Not the MOT, that went perfectly fine without a hitch. No, this is an even WORSE fail, but still somewhat MOT related.
While I was at the MOT I get a call from some agent that usually only contacts me with jobs that pay over a thousand quid for like a day or two work. So I'm carefully paying attention to what the MOT guy is up to in case he tries to pull a fast one on me or something, and trying to talk to this agent about a potential job.
The agent asks me if I can go to a casting in London bright and early tomorrow morning, and I say yes.
They say whatever it is it's filming on Monday, so I say yes that's fine.
(still distracted trying to keep an eye on the MOT doings)
The agent mentions some other shit I didn't quite catch and I just say yeah, yeah, yeah, I'll be there, whatever, just email me the details and I'll check it when I get indoors because I'm busy at the moment but go ahead and put me down for it.
Then the agent says "...and wear something you can DANCE in".
WHAT?! ME wear SOMETHING I can DANCE in?? What the fuck??
So I get the MOT sorted out and hurry home to check my email to see what the fuck I've let myself in for.

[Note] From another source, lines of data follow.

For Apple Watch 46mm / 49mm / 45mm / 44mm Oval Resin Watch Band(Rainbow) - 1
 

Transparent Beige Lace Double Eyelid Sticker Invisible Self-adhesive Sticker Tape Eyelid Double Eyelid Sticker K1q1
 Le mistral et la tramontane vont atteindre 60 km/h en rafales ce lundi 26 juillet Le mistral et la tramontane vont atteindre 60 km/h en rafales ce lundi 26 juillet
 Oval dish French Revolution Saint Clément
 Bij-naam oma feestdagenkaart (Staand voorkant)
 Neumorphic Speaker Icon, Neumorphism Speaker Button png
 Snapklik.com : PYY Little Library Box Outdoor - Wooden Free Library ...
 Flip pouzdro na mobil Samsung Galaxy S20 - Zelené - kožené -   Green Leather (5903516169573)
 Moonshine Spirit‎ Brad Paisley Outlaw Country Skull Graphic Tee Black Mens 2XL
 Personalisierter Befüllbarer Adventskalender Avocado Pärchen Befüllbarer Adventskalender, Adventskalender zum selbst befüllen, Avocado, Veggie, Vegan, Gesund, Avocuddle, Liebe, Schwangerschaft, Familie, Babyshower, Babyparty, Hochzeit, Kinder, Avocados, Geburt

The upshot is that I have to be at PINEAPPLE BLOODY DANCE STUDIOS tomorrow to audition for DANCING in some bloody music video for somebody I've never even heard of and won't dare mention here.
I think you can all see the problem with this picture.
Me, DANCING? What the holy FECK- who on Earth did they think they were talking to on the phone? And it only pays £200 anyway even if I got the job, which would never happen in a million years because THIS hairy old fart certainly does NOT "dance". Imagine the horror. Imagine the mental scarring. Imagine the carnage. Even the thought of it gives me the frights. Who fecking thought it was a good idea to phone ME up for a DANCING job?
FAIL, FAIL, FAIL, FAIL, BLOODY FAIL!
I can't really turn this down because I already said I'd be there before I even knew what it was and it would piss the agency off and I need to keep them sweet for future jobs, but I can certainly make sure they don't even consider me at the casting.
So naturally I'm going to show up in a Russian army coat and an old ratbike shirt, with clonky boots, unshaven and reeking of cheap scotch, and promptly begin going through their bins and scratching my arse a lot. Think the Jethro Tull "Aqualung" album cover.